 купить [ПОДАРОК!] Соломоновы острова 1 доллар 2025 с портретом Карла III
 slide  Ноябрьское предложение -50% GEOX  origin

==

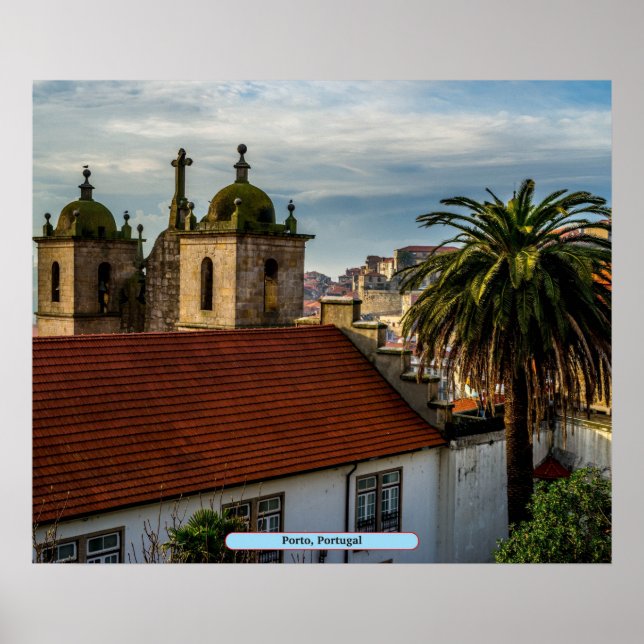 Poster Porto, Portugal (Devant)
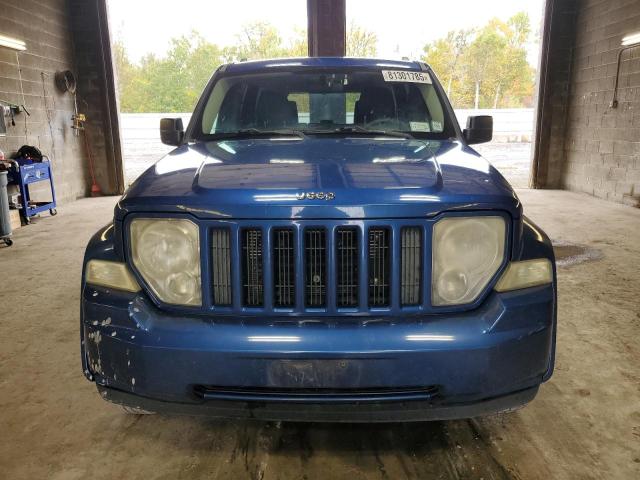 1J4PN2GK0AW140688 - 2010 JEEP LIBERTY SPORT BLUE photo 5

Work item. Reproduce the lines of the entries above from the one with "купить [ПОДАРОК!] Соломоновы" to the one with "Ноябрьское предложение -50%", both included, exactly and without any other line.

Task result.
 купить [ПОДАРОК!] Соломоновы острова 1 доллар 2025 с портретом Карла III
 slide  Ноябрьское предложение -50% GEOX  origin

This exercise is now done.